Too bad for Amie, Kongamatos were as stubborn as they were loyal. “I worry about you,” Isoke said, following her. “This is not natural. The women in your line-they are passionate.”
“I am passionate,” she said, fighting the urge to stuff him in a doggie carrier and mail him back to Zambia. “Look at this store. This is my passion.” Couldn’t he see what she’d done here?
She was damned proud of it.
Every detail was perfect. Everything was in its place.
His yellow eyes drilled into her. “The women in your line are women of action.”

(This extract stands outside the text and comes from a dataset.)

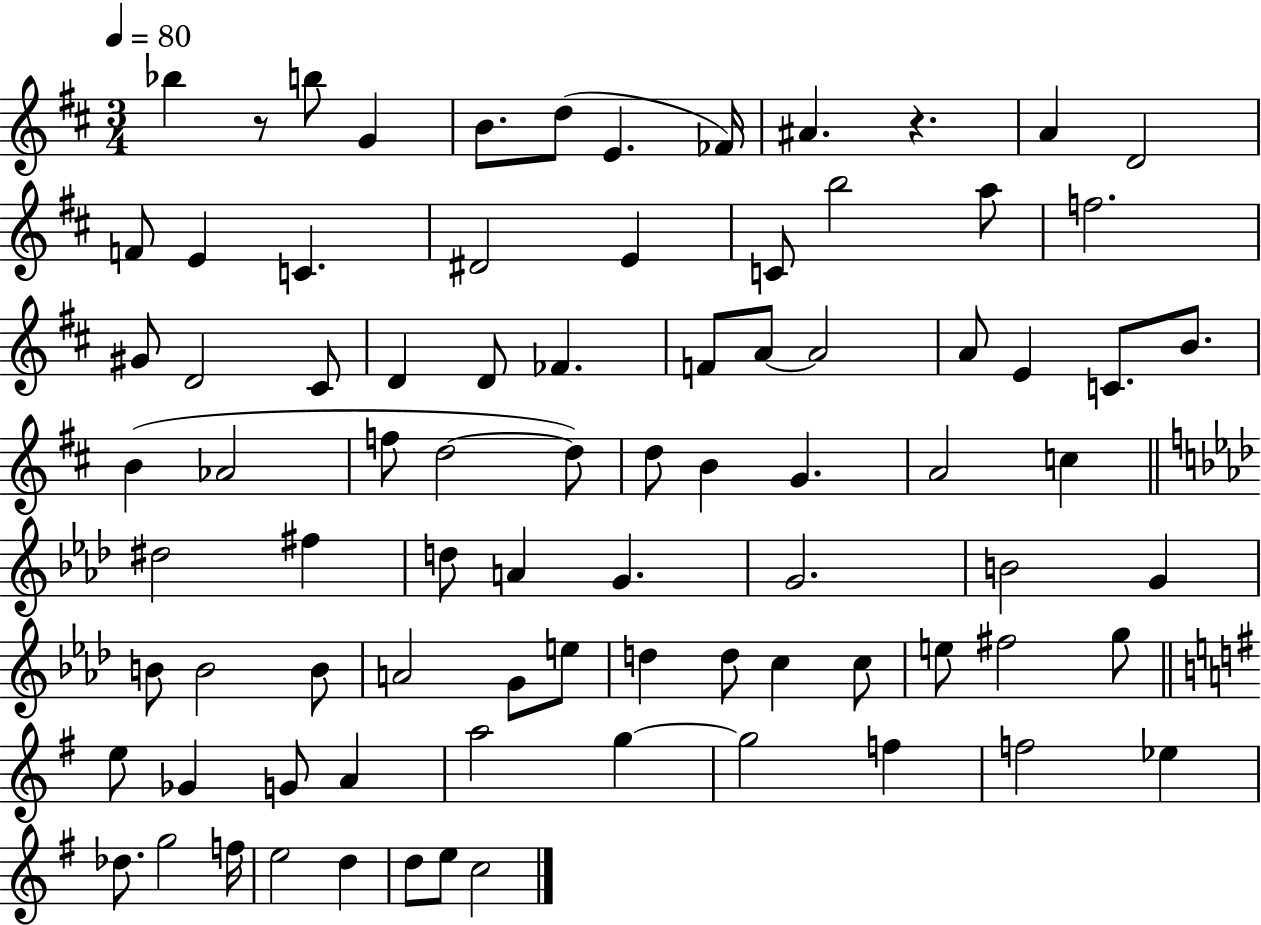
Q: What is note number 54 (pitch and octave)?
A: A4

What did he want from her? “You know what? The women in my line are gone. Mom is gone. You have me now. This is how I am and I like it.”
He studied her for a moment. “No. You are unhappy.”
“I am happy!” she shouted.
“That’s better,” he said, utterly delighted as Amie clapped a hand over her mouth. She never yelled.
Amie waited to make sure nothing bad was going to come out before she spoke. There was nothing wrong with being in control. “Okay, it’s not that I wouldn’t like a man in my life.” Who wouldn’t, right? “I’m just not going to settle for anything less than perfect.”
“And no more firemen.”
He rolled his eyes. Drama queen.
Amie selected a Love and Happiness candle from the shelf next to the organic bath oils and lit it. “See? Look. I’m starting already.”
Isoke landed on the multicolored countertop next to the candle, clipping a wing on the cash register. “Eyak. This store was not made for Kongamato.”
Amie managed a weak smile. “I didn’t know I’d inherit you so soon.”
“I could not save your mother, which means I will try doubly hard with you.” He folded his wings like a bat. “Please, for the sake of my tail, you must consider it.”
Amie ruffled the three stiff feathers on the top of his head. “For you, Isoke. I will try.”
Nine years. The shop had been busy all afternoon and still she couldn’t get it out of her mind.
She hadn’t had a date in nine years. Amie closed her cash register and said good-bye to the young couple who had just purchased a fertility doll and an extra large bottle of sandalwood massage oil.
She had to think of something else. Her eyes settled on the poster of Papa Ghede, laughing and cavorting with hislatest lover. Yeah, that didn’t help.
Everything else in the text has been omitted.